TASK ITEM => In the entries that follow, find the line containing "Thumbnail 27 of" and the line containing "Modern bedroom with", then retype exactly the lines from the first through the second, pictures excluded.

LISTED RECORDS =>
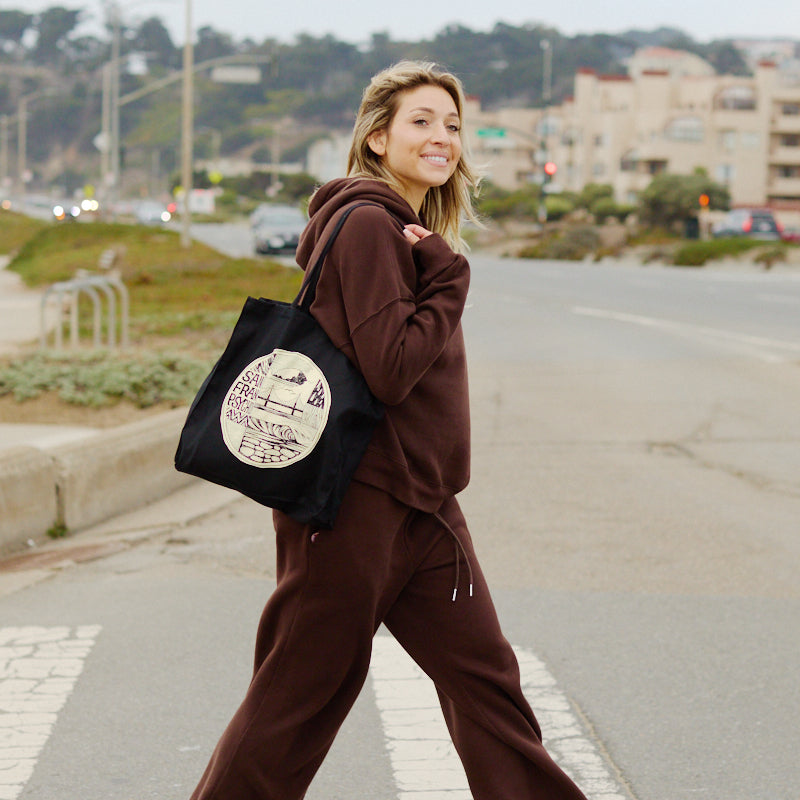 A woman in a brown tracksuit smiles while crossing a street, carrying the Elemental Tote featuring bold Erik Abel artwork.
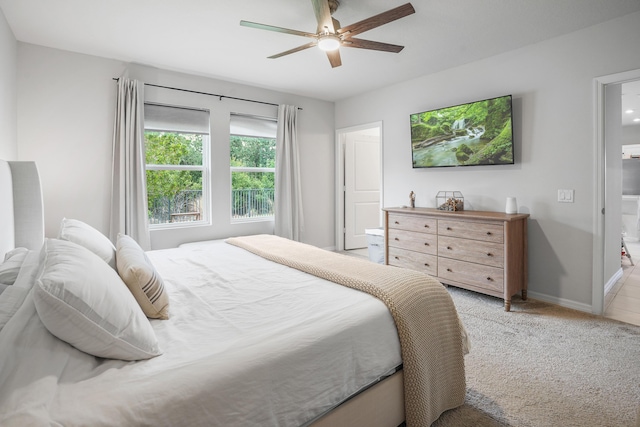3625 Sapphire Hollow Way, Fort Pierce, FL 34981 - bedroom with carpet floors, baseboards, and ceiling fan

...

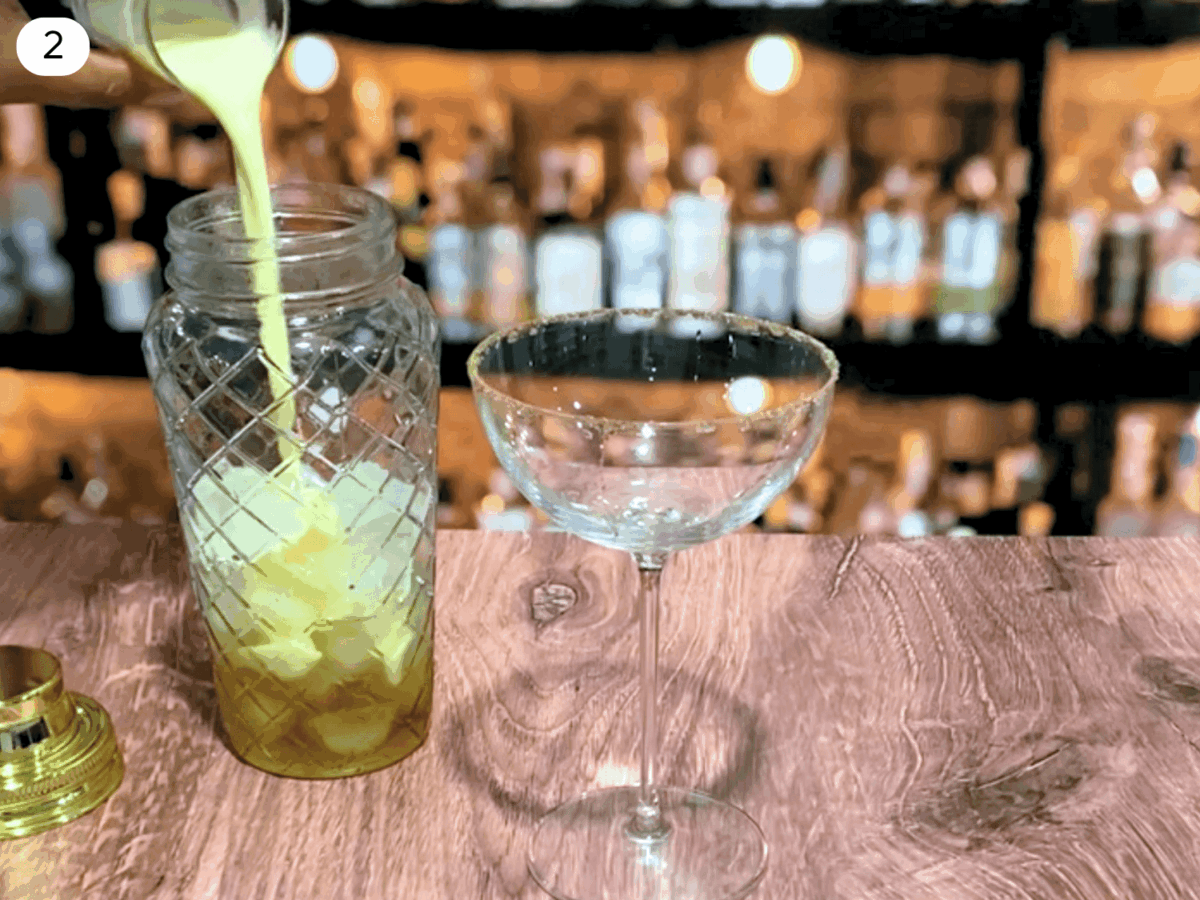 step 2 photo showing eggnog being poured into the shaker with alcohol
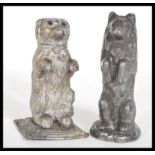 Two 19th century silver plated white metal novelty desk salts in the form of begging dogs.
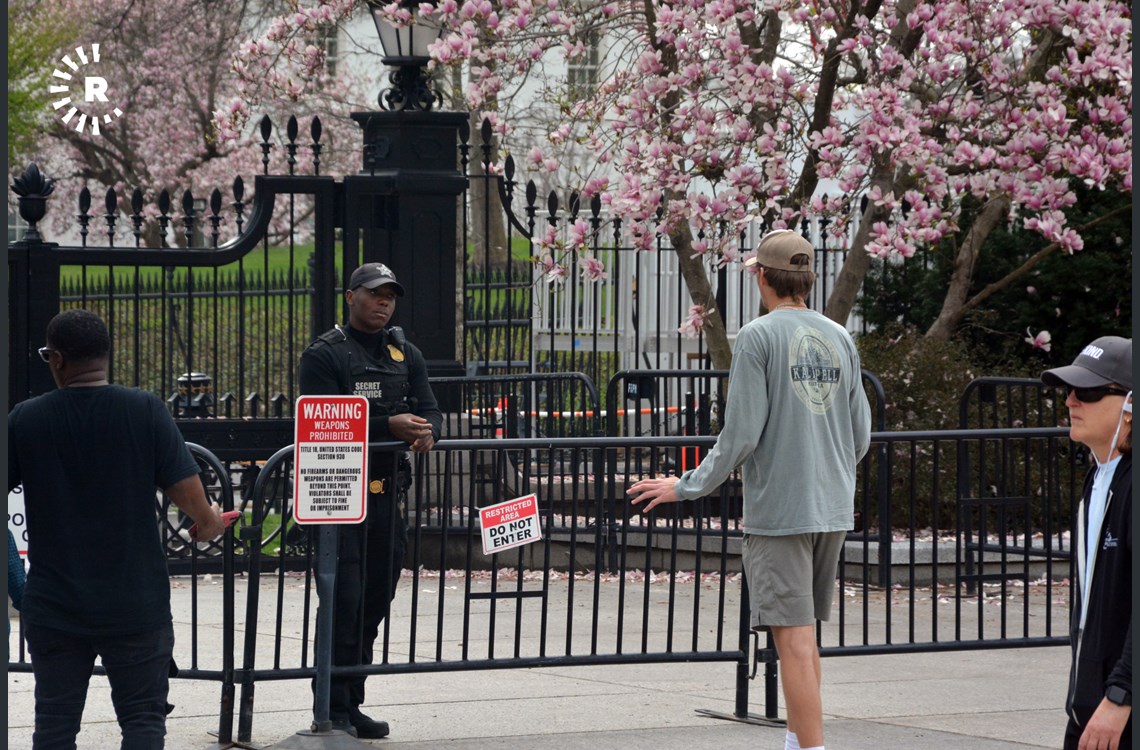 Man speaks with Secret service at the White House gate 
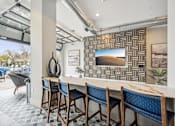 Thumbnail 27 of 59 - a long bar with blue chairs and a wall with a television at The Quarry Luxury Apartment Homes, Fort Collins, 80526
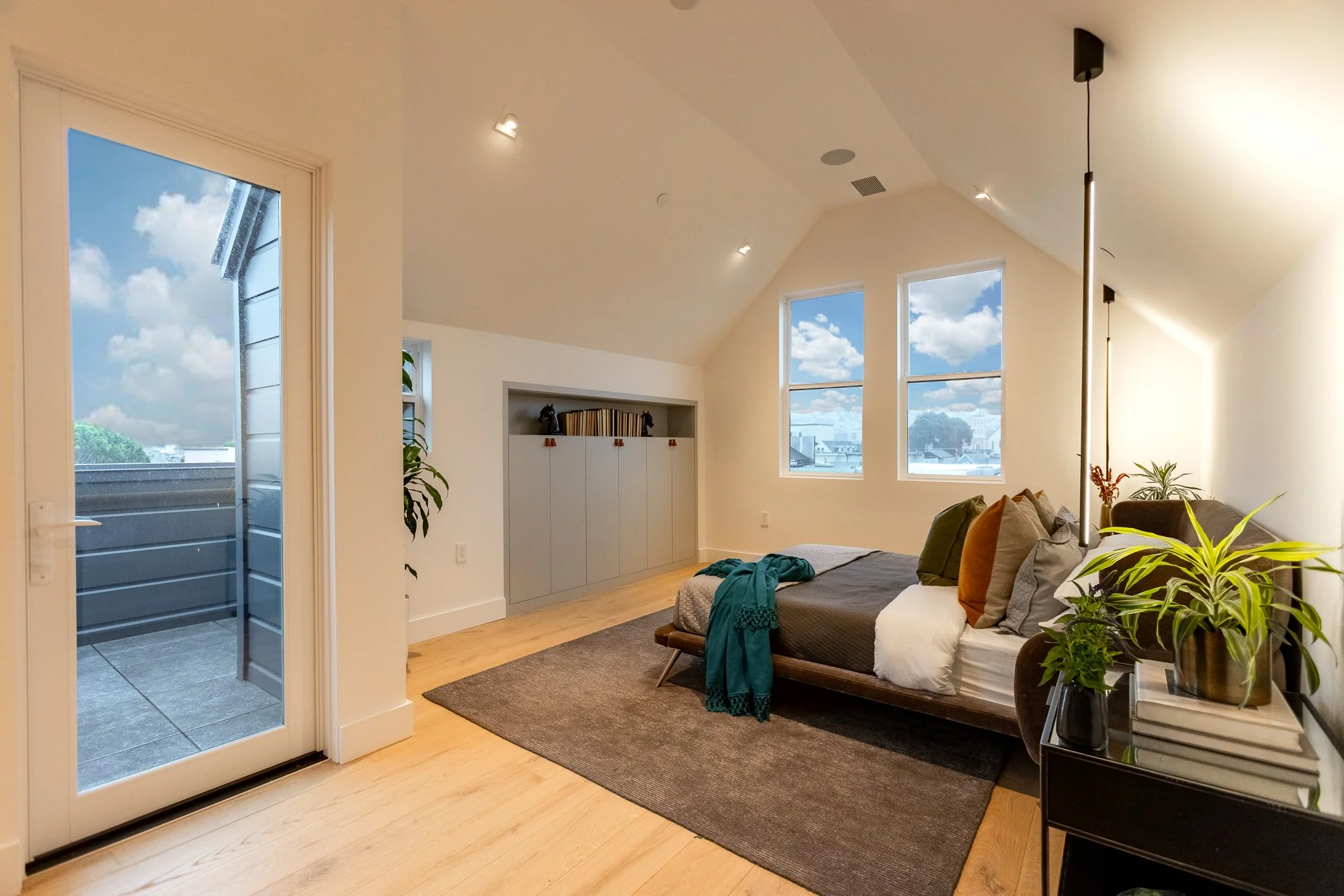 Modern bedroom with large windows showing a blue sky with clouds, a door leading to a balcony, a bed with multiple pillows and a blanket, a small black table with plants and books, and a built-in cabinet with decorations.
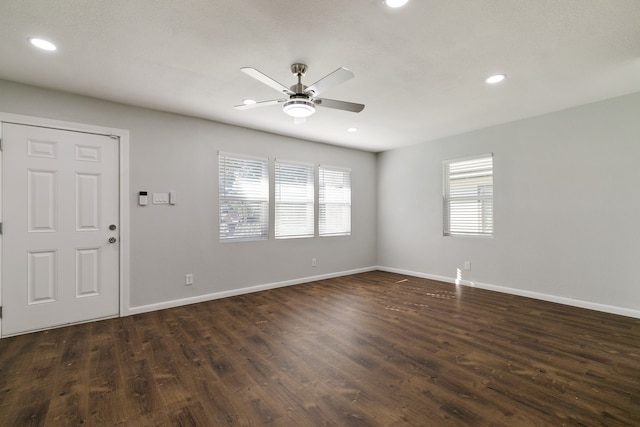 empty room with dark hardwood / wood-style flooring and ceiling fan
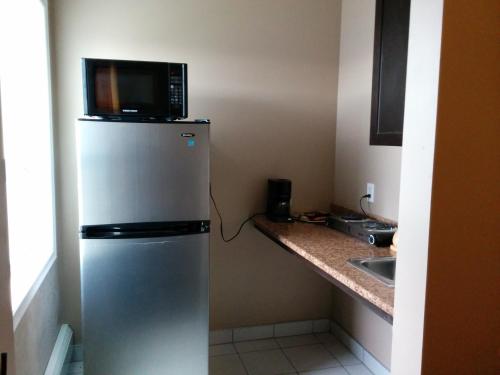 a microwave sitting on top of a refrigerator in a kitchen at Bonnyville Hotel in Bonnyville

SOLVED EXERCISE =>
 Thumbnail 27 of 59 - a long bar with blue chairs and a wall with a television at The Quarry Luxury Apartment Homes, Fort Collins, 80526
 Modern bedroom with large windows showing a blue sky with clouds, a door leading to a balcony, a bed with multiple pillows and a blanket, a small black table with plants and books, and a built-in cabinet with decorations.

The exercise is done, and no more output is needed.